The old stone barn we visited yesterday is in the PV pasture we call Lawsons’. The pasture is named for the couple who homesteaded there on the banks of Muggins Creek between Horse Camp and The Creek Place. I do not have many details of their life but know that his first name was Oliver, that they came from “back east” sometime prior to 1920…
… that he and his wife did not have children, that they raised mules, that he died about 1964, and that after they were gone their house was moved to Horse Camp and used as a garage.
Also that the wind and the prairie, as they like to do, have done their best to erase any sign that homesteaders once spent decades trying to tame this little spot of land.
But the Lawsons’ homestead was not a typical homestead for this area, and so some of it actually has withstood the test of time:
The Lawsons, one hundred years ago, with the help of their mules, built from the sandrock that exists naturally here a barn which is still a marvel today.
Coming from any direction but north, the barn is almost hidden from sight because it’s built into a deep cut in the earth. The roof is nearly level with the land surrounding it on three sides.
From the front, though, the barn door leads out into a grassy coulee.
Inside, on the east wall…
… the south wall…
… and the west wall, the barn is at least partially formed by an ancient three-sided sandrock formation.
For the north-facing wall, in a true feat of pioneer engineering genius, Oliver Lawson and his mules stacked sandrocks quarried from the homestead:
The roof, complete with a partial attic, he made from wood…
… along with the door and other features:
Inside the barn and near the door is what my dad guesses is a breeding stall. We do know that Lawson raised mules here.

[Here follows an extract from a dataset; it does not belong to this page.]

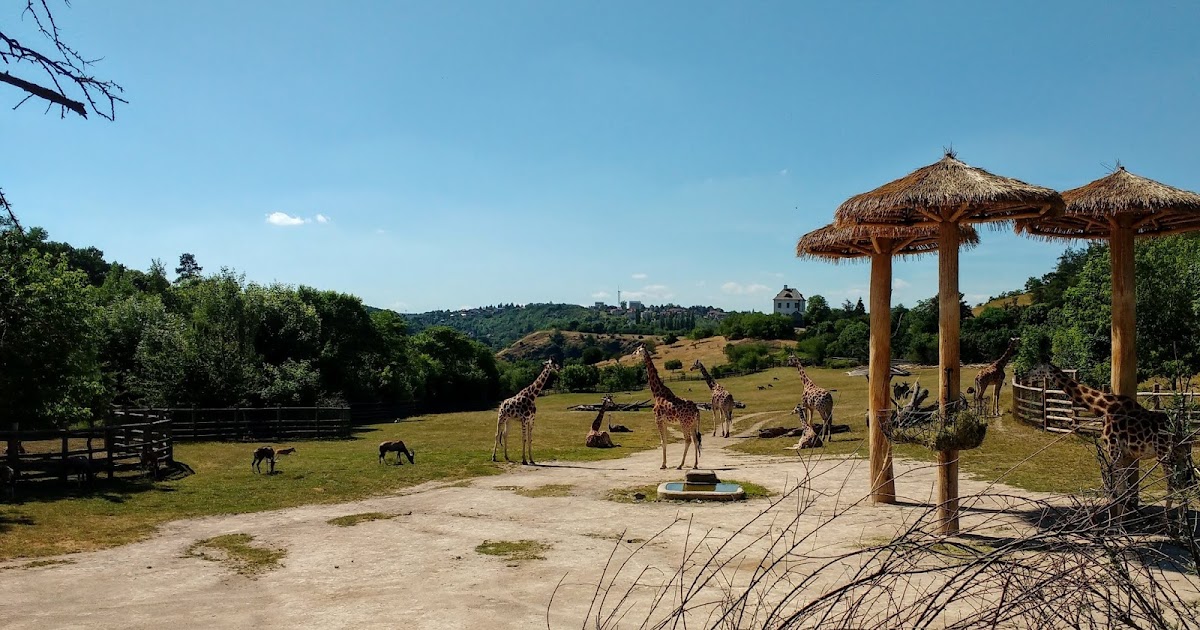 Wielka Wyprawa, dzień 5: ZOO w Pradze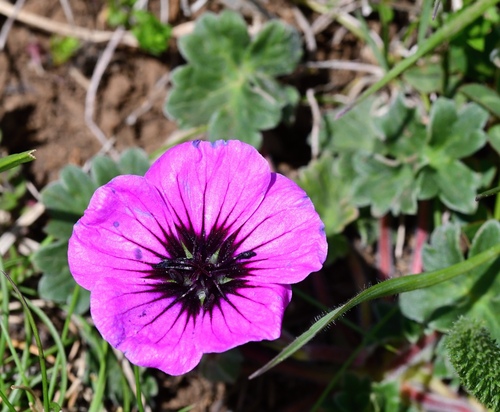Geranium subcaulescens, photograph 6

It’s just astounding to think of how many hours the Lawsons must’ve spent building this barn. It is a treasure from a bygone era. In a perfect world, some modern person would live here now and spend her life maintaining and restoring this masterpiece. But, alas, care like that is probably not even close to being on the corporate ranch agenda. For now, then, because we work here, it’s a treasure we get to share with the cows… at least as long as she’s still standing.